Ruth Hornblower Atkins Greenough Churchill (April 18, 1887 – July 9, 1970) was an American educator, clubwoman, and writer. She published a children's editiion of the King James Bible with illustrations by William Blake and Rudolph Ruzicka.

==Early life and education==
Hornblower was born in Arlington, Massachusetts, the daughter of banker Henry Hornblower and Harriet Frances Wood Hornblower. She graduated from Vassar College in 1908.

==Career==
Churchill was a member of the Boston Community Nursing Association from 1911 to 1916, and taught kindergarten in Cuba during the winters of those years, because her first husband operated sugar mills there. During World War I she managed Belmont's community kitchen program.

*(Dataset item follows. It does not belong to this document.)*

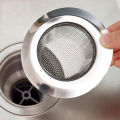 CNB stainless steel food grade strainer strainer basket with handle, sink for Sink, mouth filter, 100% stainless steel pipe, not rust, can be used to filter hair debris in bathroom, various garbage, outer diameter 11.3mm. Stainless steel sink strainer.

Churchill was a teacher, overseer, and treasurer at Shady Hill School in Cambridge, Massachusetts in the 1920s. In 1936, she co-founded the Harvard Arlington Guidance Study with her second husband, Harvard professor Chester Noyes Greenough. She was a trustee of Vassar College, Sarah Lawrence College, and Simmons College.

==Publications==
Hornblower published a children's edition of the King James version of the Bible in 1951, based on her family's favorite readings and William Blake illustrations. It included decorations by Rudolph Ruzicka, and maps by Veronica Ruzicka. A copy of The Home Bible was presented to Queen Elizabeth the Queen Mother in 1956, to mark Blake's bicentennial.
- Chester Noyes Greenough: Teacher, Dean, Master, Scholar (1940)
- The Home Bible: Arranged for Family Reading (1951, arranged by Ruth Hornblower Greenough, with illustrations by William Blake)
- Mother's Chronicles (1966, memoirs, privately printed in 2 volumes)

==Personal life and legacy==
Hornblower married three times. She was married to Robert Wrisley Atkins from 1910 until they divorced; they had five children. She married Harvard English professor Chester Noyes Greenough in 1931; he died in 1938. Her third husband was Lawrence Whitfield Churchill; they married in 1953 and he died in 1959. She died in 1970, at the age of 83.

There is a box of her papers at Vassar College, and one of her scrapbooks in the Arlington Historical Society. She left her home and 26-acre estate in Belmont for the purpose of environmental education. It was acquired by the Massachusetts Audubon Society in 1994, and became part of a nature preserve.